Closed cdondrup closed 9 years ago
Good Job! I've always wondered why this is not a thing.
Oh, I thought it was a PR. I should not write on github after all-nighters =)
Also, this is a standard package of which I just didn't know what it does and that it exists until @marinaKollmitz from the lamor school told me. But thank you for the praise ;)
Now this is funny! Without being aware of your commits, I implemented almost exactly the same mechanism in SPENCER 9 days ago. So you beat us by one day ;)... we are filtering on the detection level, though, as opposed to the measurement level... which allows us, in theory, to e.g. also filter detections from the HOG detector against the static map. But your solution is computationally more efficient. I also didn't know about the existence of the laser_filters package.
In a narrow indoor lab environment with tables, chairs etc. causing a lot of false positives, the filtering step increased our MOTA from -1.25 to +0.6. My impression is that none of the 2D laser detectors generalize well. And if you re-train them on your environment, you essentially perform a background subtraction... for which you could also use your existing static map in the first place.
@tlind we should talk more ;-)
I think one should do this on one's training data before using it for training. Do you know if the standard leg detectors did that?
Otherwise, I agree with your last point, but didn't manage to fully convince @Pandoro :-)
@marc-hanheide @cdondrup Yes indeed! Sadly I didn't make it to the summer school in Lincoln due to scheduling constraints, but maybe we'll see each other at IROS?
@lucasb-eyer The laser detectors are usually trained on manually annotated groundtruth data, where the annotation labels are "foreground" (person) and "background". So there is no need to have an occupancy grid map for training if the annotations are of good quality, as both essentially serve the same purpose.

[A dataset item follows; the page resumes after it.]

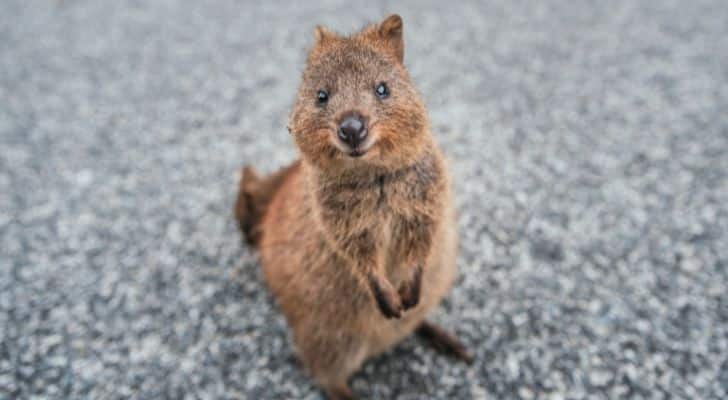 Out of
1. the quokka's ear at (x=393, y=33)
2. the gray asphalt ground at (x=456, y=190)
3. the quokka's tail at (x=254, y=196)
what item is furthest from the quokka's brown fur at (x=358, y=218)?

One problem with a laser at waist height such as in SPENCER, where you often do not perceive two individual leg segments, is that it can be really hard to discriminate between classes if the environment is diverse enough. Even as a human, I recently thought e.g. a trash bin was a person in 2D laser data until it entered the camera's FOV. Due to the sparsity of the data + large pose variation + people walking with luggage etc., the classes are just not fully separable. Especially if you take partial occlusions into account, and you only see half of the person's (or trash bin's) laser echoes.
I see, and the detector-internal "tracking" part helps work around this a bit, but for standing people I guess it'll be a hard problem. Anyways, thanks for the details!
This filters out the laser measurements that correspond to obstacles in the static map and then passes only the remainder to the leg_detector, removing a lot of the static false positives like tables.